Preferred Knowledge, Skills and Abilities:

• Able to be aware of all relevant standard operating procedures as per Company policy as they are related to the position covered by this Job Description
• Support and contribute to Lean Sigma programs and activities towards delivery of the set target.
  • Minimize waste, always ensure efficient work execution by continuous improvements.
• Able to comply with the company’s safety policy at all times.
  • Ensure use of Personal Protective Equipment (PPE) in respective work environments for all members within the shift/s
  • Report unsafe conditions or acts to responsible persons for corrections and improvements.
  • Ensure risk assessment control practices are adopted per HIRA for all members within the shift/s
  • Ensure all legal licenses required for the proper usage of QC equipment are effective for all members within the shift/s
• Able to comply with the company’s quality policy at all times.
  • Lead monitoring / improvement activities to enhance operational support activities.
  • Participate in establishment and maintenance of documented procedure.
• Excellent communication & teamwork skills.
• Self-motivated and positive thinking.
• Ability to remain calm and professional under pressure.
• Proficiency in workplace English for work applications and interfaces.
• Time management skills.

Travel Requirements:

• Not Applicable

Physical and Mental Requirements:                   

• Manufacturing environment with rotating working shift patterns
• Overtime and being on-call are required.

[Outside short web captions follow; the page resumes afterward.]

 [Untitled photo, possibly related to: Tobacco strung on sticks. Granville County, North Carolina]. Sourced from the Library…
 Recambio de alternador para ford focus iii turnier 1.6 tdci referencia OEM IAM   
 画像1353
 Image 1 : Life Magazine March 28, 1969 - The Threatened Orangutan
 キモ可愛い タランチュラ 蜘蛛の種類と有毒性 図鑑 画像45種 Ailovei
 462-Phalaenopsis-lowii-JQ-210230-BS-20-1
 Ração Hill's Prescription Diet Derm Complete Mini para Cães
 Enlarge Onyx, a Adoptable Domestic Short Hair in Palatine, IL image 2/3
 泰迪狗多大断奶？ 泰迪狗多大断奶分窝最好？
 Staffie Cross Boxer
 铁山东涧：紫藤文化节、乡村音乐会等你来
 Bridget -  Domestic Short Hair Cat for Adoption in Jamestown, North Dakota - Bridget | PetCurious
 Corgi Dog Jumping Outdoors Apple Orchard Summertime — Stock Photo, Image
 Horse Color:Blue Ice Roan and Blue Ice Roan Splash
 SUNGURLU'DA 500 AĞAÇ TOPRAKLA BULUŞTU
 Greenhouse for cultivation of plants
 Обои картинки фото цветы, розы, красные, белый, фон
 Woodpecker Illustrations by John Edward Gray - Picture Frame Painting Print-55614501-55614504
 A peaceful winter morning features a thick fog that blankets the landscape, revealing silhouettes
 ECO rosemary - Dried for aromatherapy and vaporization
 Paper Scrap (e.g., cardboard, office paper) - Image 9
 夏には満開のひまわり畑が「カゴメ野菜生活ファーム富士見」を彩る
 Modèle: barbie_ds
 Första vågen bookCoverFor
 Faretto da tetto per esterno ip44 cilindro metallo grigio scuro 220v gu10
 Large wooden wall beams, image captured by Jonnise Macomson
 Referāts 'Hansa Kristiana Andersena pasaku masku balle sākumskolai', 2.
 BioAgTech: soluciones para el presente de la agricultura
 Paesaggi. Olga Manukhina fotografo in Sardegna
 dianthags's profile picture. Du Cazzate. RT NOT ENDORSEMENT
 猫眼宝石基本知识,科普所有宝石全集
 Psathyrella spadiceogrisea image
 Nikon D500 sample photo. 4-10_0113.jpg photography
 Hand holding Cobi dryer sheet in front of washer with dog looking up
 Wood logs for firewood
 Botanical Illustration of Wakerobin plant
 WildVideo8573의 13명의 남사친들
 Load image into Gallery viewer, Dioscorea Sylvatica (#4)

Occasionally required to work on different shift patterns
• 20/30 Vision minimum, at near and/or far with at least one eye with or without corrective lenses and no color deficiency

West embraces diversity and equality of opportunity. We foster an environment where all individuals are safe, treated fairly, valued and respected. We do not discriminate on the basis of race, religion, color, national origin, gender, sex, gender identity, sexual orientation, age, marital status, veteran status, disability status or other applicable legally protected characteristics. Where permitted by law, employment with West Pharmaceutical Services, Inc. or any of its subsidiary or affiliate companies, is contingent upon the satisfactory completion of post-offer background screening and/or drug screening.